### Your goal:
Look through the entries below and report every line that has "engraving".

##### Given information #####

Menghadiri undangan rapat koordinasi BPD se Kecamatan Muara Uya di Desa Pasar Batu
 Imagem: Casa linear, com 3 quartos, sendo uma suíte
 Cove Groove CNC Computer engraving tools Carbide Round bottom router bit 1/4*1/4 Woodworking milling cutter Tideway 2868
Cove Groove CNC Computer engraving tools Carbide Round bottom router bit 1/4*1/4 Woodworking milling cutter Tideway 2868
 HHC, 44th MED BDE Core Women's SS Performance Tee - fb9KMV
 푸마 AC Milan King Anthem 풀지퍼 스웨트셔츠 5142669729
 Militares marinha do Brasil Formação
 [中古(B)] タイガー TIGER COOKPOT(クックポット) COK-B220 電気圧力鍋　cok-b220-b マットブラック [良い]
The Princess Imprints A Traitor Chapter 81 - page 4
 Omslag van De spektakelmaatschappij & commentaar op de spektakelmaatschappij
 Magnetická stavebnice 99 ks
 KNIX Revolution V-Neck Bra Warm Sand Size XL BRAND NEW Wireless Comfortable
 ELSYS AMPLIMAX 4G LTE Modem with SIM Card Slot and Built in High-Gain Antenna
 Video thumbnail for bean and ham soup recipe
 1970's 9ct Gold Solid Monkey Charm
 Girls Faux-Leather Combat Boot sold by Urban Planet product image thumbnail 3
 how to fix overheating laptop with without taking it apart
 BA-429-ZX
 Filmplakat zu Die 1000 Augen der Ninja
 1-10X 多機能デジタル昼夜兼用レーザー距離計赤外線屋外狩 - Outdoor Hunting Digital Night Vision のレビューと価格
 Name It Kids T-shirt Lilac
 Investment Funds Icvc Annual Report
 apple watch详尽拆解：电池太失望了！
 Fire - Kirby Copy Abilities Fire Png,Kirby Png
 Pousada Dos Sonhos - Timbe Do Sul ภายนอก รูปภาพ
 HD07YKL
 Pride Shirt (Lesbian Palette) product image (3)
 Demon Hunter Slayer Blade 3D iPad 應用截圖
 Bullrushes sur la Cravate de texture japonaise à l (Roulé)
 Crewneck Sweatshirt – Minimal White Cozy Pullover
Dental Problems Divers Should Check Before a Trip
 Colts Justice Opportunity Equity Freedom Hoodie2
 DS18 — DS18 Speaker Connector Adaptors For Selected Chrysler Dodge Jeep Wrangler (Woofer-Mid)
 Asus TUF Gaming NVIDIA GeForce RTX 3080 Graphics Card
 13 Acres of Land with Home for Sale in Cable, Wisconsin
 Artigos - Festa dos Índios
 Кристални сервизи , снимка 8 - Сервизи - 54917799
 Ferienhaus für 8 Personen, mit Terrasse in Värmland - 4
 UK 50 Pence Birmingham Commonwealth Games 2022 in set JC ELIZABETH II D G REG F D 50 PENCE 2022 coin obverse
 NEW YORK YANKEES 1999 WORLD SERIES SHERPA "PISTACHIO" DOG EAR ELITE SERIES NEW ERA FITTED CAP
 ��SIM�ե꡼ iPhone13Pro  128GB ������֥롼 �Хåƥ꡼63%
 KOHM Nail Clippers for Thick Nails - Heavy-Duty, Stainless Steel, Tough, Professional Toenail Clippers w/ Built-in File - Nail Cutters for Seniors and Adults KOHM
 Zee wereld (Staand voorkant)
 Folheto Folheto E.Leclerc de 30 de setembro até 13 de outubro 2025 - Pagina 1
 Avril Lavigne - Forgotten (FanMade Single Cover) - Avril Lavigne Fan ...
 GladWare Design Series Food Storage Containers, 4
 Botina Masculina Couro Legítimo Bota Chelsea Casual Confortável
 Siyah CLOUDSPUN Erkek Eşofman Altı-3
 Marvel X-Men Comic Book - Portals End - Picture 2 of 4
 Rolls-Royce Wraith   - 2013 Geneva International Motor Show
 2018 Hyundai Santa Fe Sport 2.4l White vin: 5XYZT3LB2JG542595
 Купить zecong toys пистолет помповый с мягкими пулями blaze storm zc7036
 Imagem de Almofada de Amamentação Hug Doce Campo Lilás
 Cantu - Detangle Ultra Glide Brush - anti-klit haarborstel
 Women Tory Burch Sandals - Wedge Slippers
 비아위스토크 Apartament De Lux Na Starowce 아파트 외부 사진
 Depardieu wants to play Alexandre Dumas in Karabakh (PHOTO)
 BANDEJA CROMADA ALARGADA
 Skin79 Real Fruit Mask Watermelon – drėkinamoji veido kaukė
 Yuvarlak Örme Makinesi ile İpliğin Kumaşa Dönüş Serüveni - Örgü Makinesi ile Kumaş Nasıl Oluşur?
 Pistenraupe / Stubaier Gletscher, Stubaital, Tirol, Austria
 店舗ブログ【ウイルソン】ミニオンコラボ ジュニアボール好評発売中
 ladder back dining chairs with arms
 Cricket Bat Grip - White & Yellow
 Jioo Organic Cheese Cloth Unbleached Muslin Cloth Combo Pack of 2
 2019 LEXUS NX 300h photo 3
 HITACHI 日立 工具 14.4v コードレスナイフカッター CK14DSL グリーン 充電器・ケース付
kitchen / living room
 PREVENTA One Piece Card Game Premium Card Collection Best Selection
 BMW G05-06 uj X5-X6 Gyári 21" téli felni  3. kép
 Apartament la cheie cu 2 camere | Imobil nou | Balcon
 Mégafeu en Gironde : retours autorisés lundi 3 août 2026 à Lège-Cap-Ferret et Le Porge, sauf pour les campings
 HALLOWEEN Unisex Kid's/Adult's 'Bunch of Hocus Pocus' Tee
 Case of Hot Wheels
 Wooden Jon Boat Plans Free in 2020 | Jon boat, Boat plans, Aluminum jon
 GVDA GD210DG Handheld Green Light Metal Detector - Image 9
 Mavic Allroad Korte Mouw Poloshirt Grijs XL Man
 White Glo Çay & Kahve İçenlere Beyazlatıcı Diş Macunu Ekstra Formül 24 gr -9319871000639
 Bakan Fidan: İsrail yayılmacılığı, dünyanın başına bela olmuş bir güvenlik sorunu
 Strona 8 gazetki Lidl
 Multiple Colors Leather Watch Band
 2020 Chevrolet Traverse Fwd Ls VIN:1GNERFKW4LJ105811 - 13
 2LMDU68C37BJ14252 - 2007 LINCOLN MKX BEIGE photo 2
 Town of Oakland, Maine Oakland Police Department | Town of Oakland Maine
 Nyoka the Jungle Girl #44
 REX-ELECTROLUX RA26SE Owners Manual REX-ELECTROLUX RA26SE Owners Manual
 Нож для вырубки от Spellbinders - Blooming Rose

#####

### Task response:
 Cove Groove CNC Computer engraving tools Carbide Round bottom router bit 1/4*1/4 Woodworking milling cutter Tideway 2868
Cove Groove CNC Computer engraving tools Carbide Round bottom router bit 1/4*1/4 Woodworking milling cutter Tideway 2868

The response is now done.